Under Rated/Under Stated Drummers

Ed Pias

Junior Member
Hi, I'm new to the forum. I am an older drummer, and I love the entire history of jazz drumming, from Baby Dodds to Jack DeJohnette, into the avant guard guys like Blackwell Tony Oxley and Ronald Shannon Jackson. And of course, Buddy, Louie, Krupa, Gadd, Cobham , Max, Blakey, Tony, Elvin, Roy....I love 'em all. I love Jazz. My favorite younger guys are Marcus Gilmore and Kendrick Scott I think they really play great

However, I have always really loved understated drummers, in particular, Connie Kay with the MJQ, and his recordings with Paul Desmond, as well as Paul Motian with Bill Evans and his own groups later, those two in particular really do it for me....and all the Bill Evans drummers, Marty Morell, Eliot Zigmund, Larry Bunker...Bill Evans had a way of making really good but regular drummers sound amazing:) His drummers (except for Motian and DeJohnette who was already into other stuff musically) were not game changers on the instrument like Elvin or Tony or Roy Haynes or Steve Gadd, but in the Evans trio they sounded amazing.

Anyway, I am wondering if anyone else likes the understated drummers...sometimes I feel a little embarrassed for not wanting to hear all the loud fast all over everything that's happening stuff...I dig it, but still, there is a real challenge and skill in subtlety, of knowing form, having control, playing brushes etc.
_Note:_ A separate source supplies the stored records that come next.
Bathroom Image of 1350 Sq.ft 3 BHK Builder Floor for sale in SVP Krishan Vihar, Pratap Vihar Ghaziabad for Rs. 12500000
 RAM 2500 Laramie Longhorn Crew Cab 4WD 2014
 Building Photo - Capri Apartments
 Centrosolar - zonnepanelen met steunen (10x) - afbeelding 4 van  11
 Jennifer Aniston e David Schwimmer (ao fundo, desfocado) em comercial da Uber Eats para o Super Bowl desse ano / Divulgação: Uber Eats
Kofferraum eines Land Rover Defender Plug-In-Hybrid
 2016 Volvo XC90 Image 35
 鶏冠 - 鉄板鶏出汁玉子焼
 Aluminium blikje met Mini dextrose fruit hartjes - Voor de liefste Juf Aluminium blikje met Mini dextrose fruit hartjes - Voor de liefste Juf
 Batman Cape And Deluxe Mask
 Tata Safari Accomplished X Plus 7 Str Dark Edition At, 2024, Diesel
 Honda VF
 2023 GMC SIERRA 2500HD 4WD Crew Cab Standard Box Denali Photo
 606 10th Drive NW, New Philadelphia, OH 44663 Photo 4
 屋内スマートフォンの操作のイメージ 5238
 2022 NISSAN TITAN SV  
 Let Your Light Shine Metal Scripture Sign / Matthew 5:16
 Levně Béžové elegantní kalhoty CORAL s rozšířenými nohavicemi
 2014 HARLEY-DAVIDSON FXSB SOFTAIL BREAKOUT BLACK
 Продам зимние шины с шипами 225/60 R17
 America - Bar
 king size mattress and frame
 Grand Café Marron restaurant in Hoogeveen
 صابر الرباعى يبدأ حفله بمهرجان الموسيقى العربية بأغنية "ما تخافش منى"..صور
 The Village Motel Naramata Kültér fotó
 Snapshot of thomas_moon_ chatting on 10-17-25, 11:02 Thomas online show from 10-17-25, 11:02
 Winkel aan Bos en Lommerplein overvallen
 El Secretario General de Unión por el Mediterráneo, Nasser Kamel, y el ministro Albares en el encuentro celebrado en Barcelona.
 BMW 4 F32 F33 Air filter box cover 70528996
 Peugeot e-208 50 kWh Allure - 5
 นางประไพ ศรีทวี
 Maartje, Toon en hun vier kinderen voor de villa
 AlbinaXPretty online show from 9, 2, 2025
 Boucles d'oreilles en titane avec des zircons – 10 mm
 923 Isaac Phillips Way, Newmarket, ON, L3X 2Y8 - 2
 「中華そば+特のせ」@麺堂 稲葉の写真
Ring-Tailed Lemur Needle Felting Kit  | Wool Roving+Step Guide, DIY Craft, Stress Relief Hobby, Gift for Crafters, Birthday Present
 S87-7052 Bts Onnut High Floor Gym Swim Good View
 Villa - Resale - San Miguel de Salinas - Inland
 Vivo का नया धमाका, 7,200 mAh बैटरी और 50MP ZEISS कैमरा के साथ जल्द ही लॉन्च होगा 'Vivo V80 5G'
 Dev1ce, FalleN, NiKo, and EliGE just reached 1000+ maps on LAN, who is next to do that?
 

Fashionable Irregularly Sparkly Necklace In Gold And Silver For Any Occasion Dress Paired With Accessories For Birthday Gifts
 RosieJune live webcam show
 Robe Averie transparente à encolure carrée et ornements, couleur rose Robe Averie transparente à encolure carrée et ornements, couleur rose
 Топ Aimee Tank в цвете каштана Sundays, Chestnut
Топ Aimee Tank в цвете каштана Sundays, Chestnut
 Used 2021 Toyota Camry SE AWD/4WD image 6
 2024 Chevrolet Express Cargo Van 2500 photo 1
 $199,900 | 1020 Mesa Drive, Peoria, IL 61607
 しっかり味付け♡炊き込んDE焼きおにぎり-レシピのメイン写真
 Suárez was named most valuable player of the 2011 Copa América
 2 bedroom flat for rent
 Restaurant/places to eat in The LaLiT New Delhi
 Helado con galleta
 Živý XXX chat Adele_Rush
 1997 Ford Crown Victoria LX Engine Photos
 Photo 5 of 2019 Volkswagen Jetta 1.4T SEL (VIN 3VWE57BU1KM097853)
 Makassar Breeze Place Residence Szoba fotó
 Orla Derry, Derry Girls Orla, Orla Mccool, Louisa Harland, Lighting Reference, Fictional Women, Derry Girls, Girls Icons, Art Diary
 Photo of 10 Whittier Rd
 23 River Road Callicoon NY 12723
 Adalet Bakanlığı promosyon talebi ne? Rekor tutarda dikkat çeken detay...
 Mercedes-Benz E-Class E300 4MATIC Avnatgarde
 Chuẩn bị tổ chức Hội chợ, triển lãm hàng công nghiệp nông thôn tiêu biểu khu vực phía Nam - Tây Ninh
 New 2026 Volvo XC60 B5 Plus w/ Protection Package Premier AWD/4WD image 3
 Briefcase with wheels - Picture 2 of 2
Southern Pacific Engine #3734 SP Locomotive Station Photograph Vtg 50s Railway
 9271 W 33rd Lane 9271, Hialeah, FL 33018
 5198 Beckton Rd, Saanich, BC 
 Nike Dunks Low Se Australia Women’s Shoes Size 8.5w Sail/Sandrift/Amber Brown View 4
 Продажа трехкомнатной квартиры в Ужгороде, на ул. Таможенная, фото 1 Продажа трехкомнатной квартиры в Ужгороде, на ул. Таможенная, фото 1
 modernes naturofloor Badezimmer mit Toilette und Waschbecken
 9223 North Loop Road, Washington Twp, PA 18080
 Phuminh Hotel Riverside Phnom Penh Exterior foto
I have found it appreciated in the gigging world, with other musicians, and I love working and being liked and called back(LOL!) But sometimes I feel a bit alone, and I just wanted some feed back.

Thanks:)
 
aside from of course Tony , Elvin, Art , and all the guys you mentioned

I absolutely love ..... Charlie Persip, Ben Riley , Jimmy Cobb, Larry Bunker and Paul Motian

as for younger guys ....Justin Varnes , Karriem Riggins are great
 
I hope to post more when I am not using my mobile device.

First, welcome!

Love all the guys you mention. One Bill Evans drummer who Iove to this day is Joe LaBarbera. He is still killing it to this very day.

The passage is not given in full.